As I travel here in The Yukon,  it is rather nice and refreshing to be away from large cities and their problems.  Here in the woods, life is more meaningful and more basic.  In The Yukon and Alaska, there is space to breath with very few people compared to what is down south.  Here you can travel for a hundred kilometers and not see another town.  

Just traffic on the highways and sometimes no one comes around for 5 minutes.  Anyway, here is the lovely little cabin I am staying in and here is my biffy.  It is rather modern with a sterform seat and a little motion sensing light that comes on when I shut the door.  

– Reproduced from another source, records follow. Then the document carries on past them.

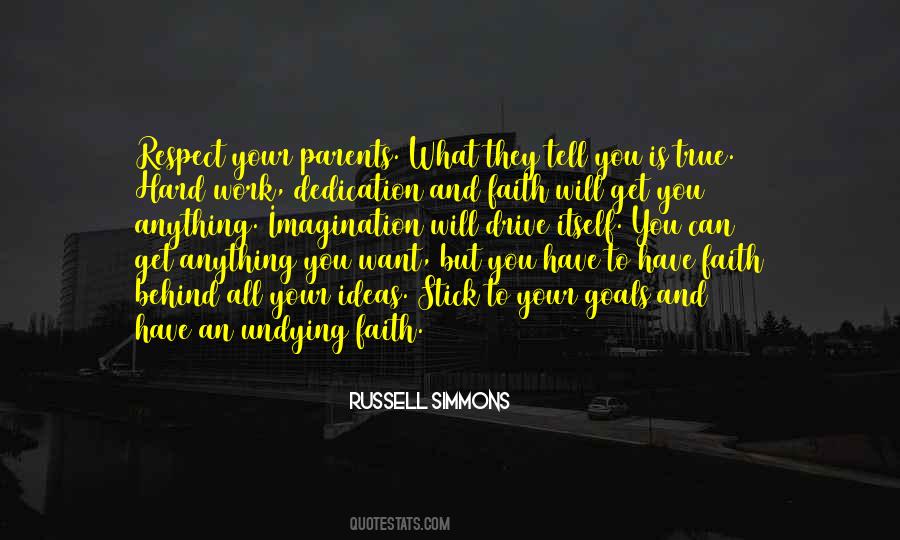 You Will Get What You Want Quotes #1253508
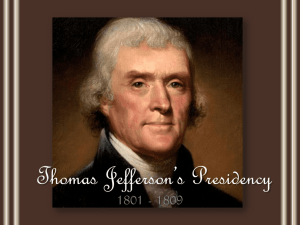 4.5 Notes - Thomas Jefferson's Presidency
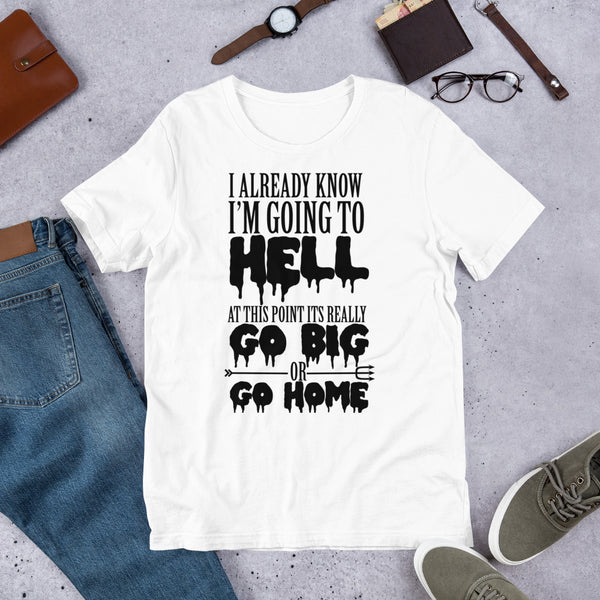 going to hell Unisex t-shirt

Those of you, born out in the country in the 40s, as I have, will have your own memories of biffies.  I am glad to report that they are not "long dead and gone" but here in the Yukon there are still some "alive and well."


----------



## Bellbird (Jun 18, 2022)

They are still alive and well in England, my friend bought one last summer.


----------



## hollydolly (Jun 18, 2022)

Packerjohn said:


> Oh, so you thought that the outdoor biffy is something that you read about in books about pioneers.  Let me tell you that is not true.  Why I used one last night and again this morning.
> 
> As I travel here in The Yukon,  it is rather nice and refreshing to be away from large cities and their problems.  Here in the woods, life is more meaningful and more basic.  In The Yukon and Alaska, there is space to breath with very few people compared to what is down south.  Here you can travel for a hundred kilometers and not see another town.
> 
> ...


were you going to post pictures ? I've never heard of a Biffy , what is it ?


----------



## hollydolly (Jun 18, 2022)

Bellbird said:


> They are still alive and well in England, my friend bought one last summer.


huh?..I've never heard of them what are they ?


----------



## hollydolly (Jun 18, 2022)

I've just looked it up..they're not clled Biffy's here they're clalled Porta Loos... and they're used at all outdoor concerts and events...


----------



## Jules (Jun 18, 2022)

The original Biffys aren’t portable.  They’re your old-fashioned outhouse.  I think this is the type @Packerjohn is talking about.  

I have no fond memories of them.  Sometimes we end up at Provincial Campgrounds or Recreation Sites and that’s all they provide.  No thanks.


----------



## hollydolly (Jun 18, 2022)

Jules said:


> The original Biffys aren’t portable.  They’re your old-fashioned outhouse.  I think this is the type @Packerjohn is talking about.
> 
> I have no fond memories of them.  Sometimes we end up at Provincial Campgrounds or Recreation Sites and that’s all they provide.  No thanks.


Houses here generally haven't had those outhouse type of toilets since probably the 50's...


----------



## horseless carriage (Jun 18, 2022)

hollydolly said:


> huh?..I've never heard of them what are they ?


You are not alone, I had to Google biffy too. Do Americans still use the expression, "can?" And down under it's a dunny.
We Brits use the term loo.  Derived from the French phrase 'guardez l'eau', which means 'watch out for the water.' 
That goes back to the days when a chamber pot's contents was thrown out of the window.


----------



## Pappy (Jun 18, 2022)

hollydolly said:


> Houses here generally haven't had those outhouse type of toilets since probably the 50's...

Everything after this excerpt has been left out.